Personnel protection strategy for healthcare workers in Wuhan during the COVID-19 epidemic.

Objective: To identify the effectiveness of a personnel protection strategy in protection of healthcare workers from SARS-CoV-2 infection. Design: During the COVID-19 pandemic, 943 healthcare staff sent from Guangzhou to Wuhan to care for patients with suspected/confirmed COVID-19 received infection precaution training before their mission and were equipped with Level 2/3 personal protective equipment (PPE), in accordance with guidelines from the National Health Commission of China. We conducted a serological survey on the cumulative attack rate of SARS-CoV-2 among the healthcare workers sent to Wuhan and compared the seropositive rate to that in local healthcare workers from Wuhan and Jingzhou.
Results: Serial tests for SARS-CoV-2 RNA and tests for SARS-CoV-2 immunoglobulin M and G after the 6-8 week mission revealed a zero cumulative attack rate. Among the local healthcare workers in Wuhan and Jingzhou of Hubei Province, 2.5% (113 out of 4495) and 0.32% (10 out of 3091) had RT-PCR confirmed COVID-19, respectively. The seropositivity for SARS-CoV-2 antibodies (IgG, IgM, or both IgG/IgM positive) was 3.4% (53 out of 1571) in local healthcare workers from Wuhan with Level 2/3 PPE working in isolation areas and 5.4% (126 out of 2336) in healthcare staff with Level 1 PPE working in non-isolation medical areas, respectively. Conclusions and relevance: Our study confirmed that adequate training/PPE can protect medical personnel against SARS-CoV-2.

Introduction

The novel coronavirus SARS-CoV-2, associate disease, COVID-19, has evolved as a major pandemic in less than three months because of the highly infectious nature of the virus and the current intensive social interaction which favors transmission of the virus. Such an explosive pandemic has created unprecedented stress on the healthcare system globally. Protecting healthcare workers is critical for functioning of the system and to prevent the workers serving as a vector for disease transmission.

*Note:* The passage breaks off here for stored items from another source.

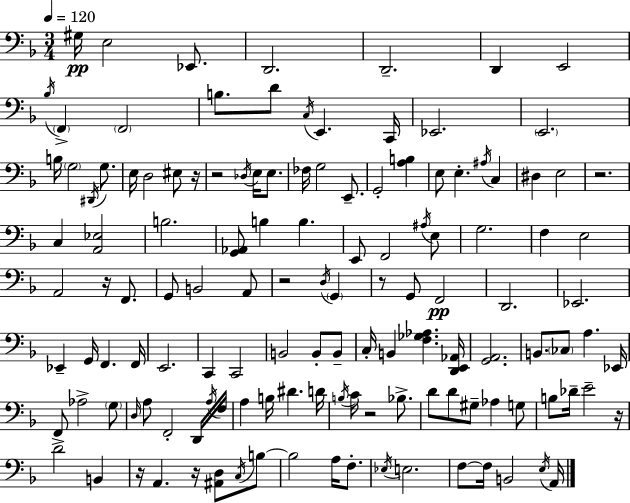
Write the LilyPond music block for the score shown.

{
  \clef bass
  \numericTimeSignature
  \time 3/4
  \key d \minor
  \tempo 4 = 120
  gis16\pp e2 ees,8. | d,2. | d,2.-- | d,4 e,2 | \break \acciaccatura { bes16 } \parenthesize f,4-> \parenthesize f,2 | b8. d'8 \acciaccatura { c16 } e,4. | c,16 ees,2. | \parenthesize e,2. | \break b16 \parenthesize g2 \acciaccatura { dis,16 } | g8. e16 d2 | eis8 r16 r2 \acciaccatura { des16 } | e16 e8. fes16 g2 | \break e,8.-- g,2-. | <a b>4 e8 e4.-. | \acciaccatura { ais16 } c4 dis4 e2 | r2. | \break c4 <a, ees>2 | b2. | <g, aes,>8 b4 b4. | e,8 f,2 | \break \acciaccatura { ais16 } e8 g2. | f4 e2 | a,2 | r16 f,8. g,8 b,2 | \break a,8 r2 | \acciaccatura { d16 } \parenthesize g,4 r8 g,8 f,2\pp | d,2. | ees,2. | \break ees,4-- g,16 | f,4. f,16 e,2. | c,4 c,2 | b,2 | \break b,8-. b,8-- c16-. b,4 | <f ges aes>4. <d, e, aes,>16 <g, a,>2. | b,8. \parenthesize ces8 | a4. ees,16 f,8-> aes2-> | \break \parenthesize g8 \grace { d16 } a8 f,2-. | d,16 \acciaccatura { a16 } f16 a4 | b16 dis'4. d'16 \acciaccatura { b16 } c'16 r2 | bes8.-> d'8 | \break d'8 gis8-- aes4 g8 b8 | des'16-- e'2-- r16 d'2 | b,4 r16 a,4. | r16 <ais, d>8 \acciaccatura { c16 } b8~~ b2 | \break a16 f8.-. \acciaccatura { ees16 } | e2. | f8~~ f16 b,2 \acciaccatura { e16 } | a,16 \bar "|."
}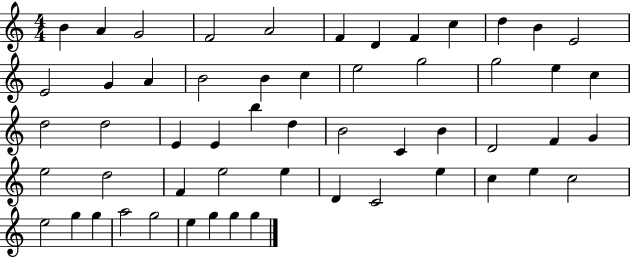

Although China is a major supplier of personal protective equipment (PPE), the impact of COVID-19 initially created a critical shortage of PPE.[1] The National Health Commission of China has previously issued technical guidance for prevention of airborne transmission diseases in healthcare facilities with three hierarchical levels of personal protection in 2017, which were further updated for prevention of the spread of COVID-19 in February 2020.[2,3] A Chinese expert panel also reported a consensus on personal protection in medical institutions during the COVID-19 epidemic.[4]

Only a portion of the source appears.